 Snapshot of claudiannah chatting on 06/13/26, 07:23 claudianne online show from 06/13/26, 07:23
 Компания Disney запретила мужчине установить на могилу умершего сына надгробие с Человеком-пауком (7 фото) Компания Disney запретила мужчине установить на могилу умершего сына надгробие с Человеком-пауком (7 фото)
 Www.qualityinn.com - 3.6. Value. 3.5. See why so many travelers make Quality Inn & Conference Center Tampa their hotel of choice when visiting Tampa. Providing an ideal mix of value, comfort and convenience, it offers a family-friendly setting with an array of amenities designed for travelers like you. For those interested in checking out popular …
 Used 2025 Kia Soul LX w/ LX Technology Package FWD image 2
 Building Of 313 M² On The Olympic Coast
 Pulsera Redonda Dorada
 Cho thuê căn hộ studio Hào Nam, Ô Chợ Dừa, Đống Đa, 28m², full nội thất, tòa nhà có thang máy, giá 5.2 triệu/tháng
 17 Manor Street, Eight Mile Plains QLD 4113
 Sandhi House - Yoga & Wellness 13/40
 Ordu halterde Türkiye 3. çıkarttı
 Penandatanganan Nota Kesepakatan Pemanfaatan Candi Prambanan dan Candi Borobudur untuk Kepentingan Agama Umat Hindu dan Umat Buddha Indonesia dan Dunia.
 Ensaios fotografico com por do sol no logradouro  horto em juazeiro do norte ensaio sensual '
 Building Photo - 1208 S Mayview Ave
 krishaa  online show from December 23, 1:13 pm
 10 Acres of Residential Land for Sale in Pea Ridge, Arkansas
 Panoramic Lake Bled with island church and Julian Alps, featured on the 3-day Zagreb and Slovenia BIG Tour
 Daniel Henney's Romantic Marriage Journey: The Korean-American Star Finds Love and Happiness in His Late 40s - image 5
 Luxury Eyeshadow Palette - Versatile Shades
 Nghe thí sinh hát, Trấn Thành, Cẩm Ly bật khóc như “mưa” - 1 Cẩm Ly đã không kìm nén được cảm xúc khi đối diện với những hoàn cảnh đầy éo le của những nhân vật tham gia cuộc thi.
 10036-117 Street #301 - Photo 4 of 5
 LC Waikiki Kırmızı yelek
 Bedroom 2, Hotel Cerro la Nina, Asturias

Aim of the exercise: Your task is to gather all lines from the entries above that hold the word "online".

Response area:
 Snapshot of claudiannah chatting on 06/13/26, 07:23 claudianne online show from 06/13/26, 07:23
 krishaa  online show from December 23, 1:13 pm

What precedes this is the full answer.